In my foggy mind I didn’t get this out in time and worded correctly. Heck, I had even said “no we won’t draft bylaws” before I realized the translation in full. I could have, and probably should have, checked myself when I realized that that document translated to bylaws. But I didn’t.

Another member of the meeting wrote some good reflections about this type of meeting too.

If that was my first mistake, what was my second one?

I thought that I could distance myself from responsibility and active choices by leveraging that I was just inviting people to a meeting. I didn’t want to make decisions for us, and this was the only way I knew how.

This isn’t as much a mistake as it is paradoxical. Mostly because either way I make decisions and it becomes a really weird situation. Especially if I couldn’t get all the info out of my head as fast as the questions came my way.

About 14 days in I was able to entirely fall apart, and did some public spectacle which didn’t reflect well on me, and also ended up possibly harming the project, I pushed away some people I really wanted in on the ground floor.

I could make excuses, and I could try to explain myself, but it won’t change anything. However, what I can do is recognize that I did screw up and that I can do better in the future. I understand my why, and that means that I can take preventive measures.

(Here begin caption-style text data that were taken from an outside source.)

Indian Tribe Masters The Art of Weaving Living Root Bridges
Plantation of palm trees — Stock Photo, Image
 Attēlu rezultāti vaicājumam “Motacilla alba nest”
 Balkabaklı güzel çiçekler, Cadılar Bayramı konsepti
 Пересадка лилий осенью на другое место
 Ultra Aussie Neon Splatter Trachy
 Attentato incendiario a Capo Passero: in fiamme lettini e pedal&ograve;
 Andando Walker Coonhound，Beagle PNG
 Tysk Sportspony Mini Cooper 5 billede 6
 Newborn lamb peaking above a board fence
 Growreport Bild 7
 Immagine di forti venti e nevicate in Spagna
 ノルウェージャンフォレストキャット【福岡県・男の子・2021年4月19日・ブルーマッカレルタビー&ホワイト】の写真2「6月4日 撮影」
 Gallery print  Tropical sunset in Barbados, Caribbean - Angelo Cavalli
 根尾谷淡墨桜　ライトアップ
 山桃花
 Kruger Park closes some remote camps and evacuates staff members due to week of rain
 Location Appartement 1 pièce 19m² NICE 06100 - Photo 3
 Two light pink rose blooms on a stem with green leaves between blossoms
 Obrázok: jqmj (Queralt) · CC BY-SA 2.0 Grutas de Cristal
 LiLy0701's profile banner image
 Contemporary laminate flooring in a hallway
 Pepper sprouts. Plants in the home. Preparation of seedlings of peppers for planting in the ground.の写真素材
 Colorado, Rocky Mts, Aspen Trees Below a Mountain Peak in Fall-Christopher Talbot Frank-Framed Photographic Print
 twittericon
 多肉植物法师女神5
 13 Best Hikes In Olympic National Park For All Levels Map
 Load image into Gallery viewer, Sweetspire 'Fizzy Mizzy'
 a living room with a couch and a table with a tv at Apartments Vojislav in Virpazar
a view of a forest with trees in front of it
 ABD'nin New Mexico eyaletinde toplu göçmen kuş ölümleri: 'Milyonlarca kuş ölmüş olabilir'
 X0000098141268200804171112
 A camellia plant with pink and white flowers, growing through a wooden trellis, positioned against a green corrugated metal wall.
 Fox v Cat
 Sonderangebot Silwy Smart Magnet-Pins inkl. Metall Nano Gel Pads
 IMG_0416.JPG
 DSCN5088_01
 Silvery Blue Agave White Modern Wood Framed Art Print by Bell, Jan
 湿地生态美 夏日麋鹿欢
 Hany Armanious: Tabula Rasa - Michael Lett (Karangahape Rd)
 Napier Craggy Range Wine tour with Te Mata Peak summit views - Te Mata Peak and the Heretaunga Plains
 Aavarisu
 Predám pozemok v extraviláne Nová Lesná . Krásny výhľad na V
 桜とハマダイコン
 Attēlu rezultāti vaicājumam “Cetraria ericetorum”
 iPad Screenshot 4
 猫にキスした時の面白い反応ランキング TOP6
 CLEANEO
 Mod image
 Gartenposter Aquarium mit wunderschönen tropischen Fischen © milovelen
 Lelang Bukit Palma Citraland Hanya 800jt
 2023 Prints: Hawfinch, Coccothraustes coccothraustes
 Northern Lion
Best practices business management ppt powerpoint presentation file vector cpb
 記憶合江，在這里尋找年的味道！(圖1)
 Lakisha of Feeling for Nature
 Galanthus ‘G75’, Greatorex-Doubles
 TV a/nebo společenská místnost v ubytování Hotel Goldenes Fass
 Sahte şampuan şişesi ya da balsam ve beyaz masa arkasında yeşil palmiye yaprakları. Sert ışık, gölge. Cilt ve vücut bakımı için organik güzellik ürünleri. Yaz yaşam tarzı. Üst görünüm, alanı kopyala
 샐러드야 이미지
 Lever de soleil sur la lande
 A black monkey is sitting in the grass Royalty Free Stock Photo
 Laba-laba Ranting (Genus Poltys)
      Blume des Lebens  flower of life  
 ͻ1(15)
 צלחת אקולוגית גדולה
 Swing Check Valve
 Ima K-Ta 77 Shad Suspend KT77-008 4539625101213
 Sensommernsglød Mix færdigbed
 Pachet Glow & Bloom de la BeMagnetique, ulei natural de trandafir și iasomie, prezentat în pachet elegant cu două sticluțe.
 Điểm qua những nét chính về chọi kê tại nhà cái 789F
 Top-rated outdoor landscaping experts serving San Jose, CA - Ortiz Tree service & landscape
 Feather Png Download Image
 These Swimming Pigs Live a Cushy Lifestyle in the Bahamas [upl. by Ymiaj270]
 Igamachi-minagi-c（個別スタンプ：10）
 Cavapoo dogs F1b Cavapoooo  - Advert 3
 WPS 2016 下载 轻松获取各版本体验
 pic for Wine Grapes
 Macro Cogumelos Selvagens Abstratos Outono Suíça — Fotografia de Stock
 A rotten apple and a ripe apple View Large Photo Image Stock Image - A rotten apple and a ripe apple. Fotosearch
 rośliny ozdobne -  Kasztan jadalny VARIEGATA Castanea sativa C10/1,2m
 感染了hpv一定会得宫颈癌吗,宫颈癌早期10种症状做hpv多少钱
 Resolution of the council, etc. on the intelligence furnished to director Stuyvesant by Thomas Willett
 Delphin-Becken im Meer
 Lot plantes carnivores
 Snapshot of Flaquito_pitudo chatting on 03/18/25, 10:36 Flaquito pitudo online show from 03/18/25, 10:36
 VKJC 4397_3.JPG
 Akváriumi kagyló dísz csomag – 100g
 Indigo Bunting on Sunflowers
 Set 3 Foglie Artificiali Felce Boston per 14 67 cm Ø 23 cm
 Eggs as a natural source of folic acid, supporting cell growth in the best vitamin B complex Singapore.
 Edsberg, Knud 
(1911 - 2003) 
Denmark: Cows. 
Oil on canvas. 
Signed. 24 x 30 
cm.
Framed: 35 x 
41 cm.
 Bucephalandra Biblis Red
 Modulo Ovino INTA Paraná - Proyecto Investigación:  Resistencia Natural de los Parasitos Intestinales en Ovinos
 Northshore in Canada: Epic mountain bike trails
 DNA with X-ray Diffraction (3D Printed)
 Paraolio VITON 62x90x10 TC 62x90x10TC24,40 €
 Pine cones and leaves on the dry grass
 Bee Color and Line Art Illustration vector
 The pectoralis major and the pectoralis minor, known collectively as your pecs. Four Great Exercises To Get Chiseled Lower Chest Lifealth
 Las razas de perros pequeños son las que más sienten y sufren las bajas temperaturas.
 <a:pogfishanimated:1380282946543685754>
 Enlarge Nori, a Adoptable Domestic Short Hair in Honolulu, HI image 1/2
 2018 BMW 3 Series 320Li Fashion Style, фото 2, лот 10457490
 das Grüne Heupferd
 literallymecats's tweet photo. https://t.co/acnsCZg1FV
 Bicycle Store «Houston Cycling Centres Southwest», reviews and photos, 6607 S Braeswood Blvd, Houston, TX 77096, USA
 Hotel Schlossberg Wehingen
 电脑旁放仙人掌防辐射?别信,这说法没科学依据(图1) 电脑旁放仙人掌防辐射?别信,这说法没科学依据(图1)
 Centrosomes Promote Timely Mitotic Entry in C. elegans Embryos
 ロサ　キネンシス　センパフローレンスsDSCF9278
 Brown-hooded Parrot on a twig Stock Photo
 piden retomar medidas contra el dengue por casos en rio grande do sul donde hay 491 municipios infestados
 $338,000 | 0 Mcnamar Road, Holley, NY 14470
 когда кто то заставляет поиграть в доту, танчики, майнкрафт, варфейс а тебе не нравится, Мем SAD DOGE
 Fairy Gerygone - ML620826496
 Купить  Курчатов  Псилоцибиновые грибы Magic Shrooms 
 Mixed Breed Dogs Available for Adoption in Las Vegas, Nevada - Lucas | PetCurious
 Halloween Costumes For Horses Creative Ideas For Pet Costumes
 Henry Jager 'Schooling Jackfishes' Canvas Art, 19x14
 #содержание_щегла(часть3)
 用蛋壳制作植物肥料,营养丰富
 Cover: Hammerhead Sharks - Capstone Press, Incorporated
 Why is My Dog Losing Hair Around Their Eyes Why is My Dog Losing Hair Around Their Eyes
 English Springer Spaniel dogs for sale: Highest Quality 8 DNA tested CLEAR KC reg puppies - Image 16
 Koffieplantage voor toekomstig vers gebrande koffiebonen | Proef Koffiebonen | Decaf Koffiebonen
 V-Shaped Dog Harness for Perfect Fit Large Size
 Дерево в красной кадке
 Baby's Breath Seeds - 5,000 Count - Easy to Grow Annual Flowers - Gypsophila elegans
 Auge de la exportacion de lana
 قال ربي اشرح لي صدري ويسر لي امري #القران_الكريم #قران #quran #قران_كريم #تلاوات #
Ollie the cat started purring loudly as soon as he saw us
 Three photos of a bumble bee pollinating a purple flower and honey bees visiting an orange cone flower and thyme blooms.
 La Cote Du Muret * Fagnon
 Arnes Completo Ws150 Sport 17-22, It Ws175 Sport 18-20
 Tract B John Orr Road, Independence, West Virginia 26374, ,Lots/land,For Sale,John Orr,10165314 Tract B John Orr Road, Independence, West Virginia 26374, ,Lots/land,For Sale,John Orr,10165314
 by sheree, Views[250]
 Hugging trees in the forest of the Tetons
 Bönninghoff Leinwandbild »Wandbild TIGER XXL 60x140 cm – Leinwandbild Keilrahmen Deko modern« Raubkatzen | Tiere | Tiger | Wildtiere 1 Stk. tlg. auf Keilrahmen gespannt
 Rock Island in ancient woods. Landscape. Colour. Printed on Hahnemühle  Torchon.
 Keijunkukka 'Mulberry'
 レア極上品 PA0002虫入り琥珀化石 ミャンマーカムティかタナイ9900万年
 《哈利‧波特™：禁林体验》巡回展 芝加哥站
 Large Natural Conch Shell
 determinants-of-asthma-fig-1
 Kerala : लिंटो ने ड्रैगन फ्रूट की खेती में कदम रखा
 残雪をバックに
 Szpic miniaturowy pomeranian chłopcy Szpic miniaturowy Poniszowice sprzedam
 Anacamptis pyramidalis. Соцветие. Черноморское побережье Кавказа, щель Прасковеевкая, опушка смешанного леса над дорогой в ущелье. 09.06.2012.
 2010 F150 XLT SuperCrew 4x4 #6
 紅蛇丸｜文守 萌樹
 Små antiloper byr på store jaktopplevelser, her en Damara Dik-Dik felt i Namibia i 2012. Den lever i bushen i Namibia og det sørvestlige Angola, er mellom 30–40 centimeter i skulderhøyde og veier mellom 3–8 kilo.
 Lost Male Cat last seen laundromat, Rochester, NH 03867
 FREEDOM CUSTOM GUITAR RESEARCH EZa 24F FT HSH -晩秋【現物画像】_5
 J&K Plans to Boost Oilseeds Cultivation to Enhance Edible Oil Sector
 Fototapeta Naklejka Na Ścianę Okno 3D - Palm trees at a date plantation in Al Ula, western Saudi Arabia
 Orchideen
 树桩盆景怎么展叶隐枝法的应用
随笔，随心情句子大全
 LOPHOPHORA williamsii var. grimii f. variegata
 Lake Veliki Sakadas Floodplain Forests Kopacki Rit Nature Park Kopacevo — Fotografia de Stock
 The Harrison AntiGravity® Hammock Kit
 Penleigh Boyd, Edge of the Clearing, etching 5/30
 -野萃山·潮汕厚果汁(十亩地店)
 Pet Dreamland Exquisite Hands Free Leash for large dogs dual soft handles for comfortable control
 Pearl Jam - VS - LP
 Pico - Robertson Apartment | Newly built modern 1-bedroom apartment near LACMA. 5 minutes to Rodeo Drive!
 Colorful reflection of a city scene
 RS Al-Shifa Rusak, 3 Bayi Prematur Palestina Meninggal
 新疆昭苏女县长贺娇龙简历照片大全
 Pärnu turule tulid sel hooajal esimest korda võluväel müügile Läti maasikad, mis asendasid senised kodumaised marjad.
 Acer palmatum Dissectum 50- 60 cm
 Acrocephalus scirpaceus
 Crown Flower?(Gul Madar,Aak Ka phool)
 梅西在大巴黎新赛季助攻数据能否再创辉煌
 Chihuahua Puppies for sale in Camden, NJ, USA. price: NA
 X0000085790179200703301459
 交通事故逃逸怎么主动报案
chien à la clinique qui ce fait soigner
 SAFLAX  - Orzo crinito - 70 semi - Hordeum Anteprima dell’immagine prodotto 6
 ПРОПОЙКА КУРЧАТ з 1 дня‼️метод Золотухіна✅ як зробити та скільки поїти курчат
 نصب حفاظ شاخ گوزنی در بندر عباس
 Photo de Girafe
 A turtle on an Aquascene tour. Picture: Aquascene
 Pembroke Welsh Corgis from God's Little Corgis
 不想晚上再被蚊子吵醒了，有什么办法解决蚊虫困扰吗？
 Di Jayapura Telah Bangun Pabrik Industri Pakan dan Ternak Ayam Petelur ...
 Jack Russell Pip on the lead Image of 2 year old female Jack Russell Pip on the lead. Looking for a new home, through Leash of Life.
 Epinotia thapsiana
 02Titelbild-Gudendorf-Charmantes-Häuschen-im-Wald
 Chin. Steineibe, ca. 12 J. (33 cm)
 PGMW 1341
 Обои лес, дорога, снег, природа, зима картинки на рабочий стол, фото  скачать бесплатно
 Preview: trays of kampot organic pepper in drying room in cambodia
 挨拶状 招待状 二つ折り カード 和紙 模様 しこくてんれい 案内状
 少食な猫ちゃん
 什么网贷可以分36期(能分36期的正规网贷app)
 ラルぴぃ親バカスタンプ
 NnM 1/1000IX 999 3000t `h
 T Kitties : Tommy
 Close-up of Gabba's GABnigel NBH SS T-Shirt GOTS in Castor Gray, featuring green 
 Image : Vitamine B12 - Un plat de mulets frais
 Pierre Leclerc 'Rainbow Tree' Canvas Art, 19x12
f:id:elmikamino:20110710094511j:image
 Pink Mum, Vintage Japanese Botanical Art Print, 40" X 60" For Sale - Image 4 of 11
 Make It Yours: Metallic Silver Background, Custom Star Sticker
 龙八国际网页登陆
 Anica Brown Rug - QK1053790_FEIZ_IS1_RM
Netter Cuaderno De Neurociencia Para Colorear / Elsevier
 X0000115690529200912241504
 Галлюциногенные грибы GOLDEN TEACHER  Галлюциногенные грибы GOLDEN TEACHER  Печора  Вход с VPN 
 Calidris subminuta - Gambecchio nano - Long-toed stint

So, what preventive measures can I take in the future?

A big one, delegate. While we were 3 people working together in the early days, the same people who’ve also rejected any direct involvement in management, or interim-committee or the committee / board for the first year of this project, I did a bulk of the work and had trouble getting stuff out of my head.

When I felt like I was about to entirely break, the incident referenced above, I should’ve let go right there and just set up a Discord server and invited everyone, and continued to contribute to the group in their process of preparing a meeting together etc.

But at the same time, if I hadn’t done the meeting the way I did, I would not have learnt the lessons I did, so this is a double edged sword, imo.

So, what went right?

I took my time, and worked through it slowly. I built small road maps for myself to guide me along the way and asked for help when I felt stuck.

I need to remind you all that the survey blew up way bigger than I had ever expected. I think by the end we had almost 200 responses to the survey, and over 120 saying “let’s do this”. [link to the shared data on June 11th]

I couldn’t have planned for that, but when it happened I tried to baby-step my way through it.

The meeting, even though it was long and had it’s issues, was also pretty damn fantastic. The way I had translated Swedish meeting formalities to a discord server turned out to work pretty well, and once people got a hang of it they seemed to appreciate the somewhat rigid structure.

I hope, that using this experience I can create a template for hosting a first meeting when a group of people want to start an org together, and maybe I can help someone else avoid some of the problems that we encountered. Because there’s some solid structure here that definitely can be reused. That said, I will be publishing a separate post about the actual meeting structure and how set it up.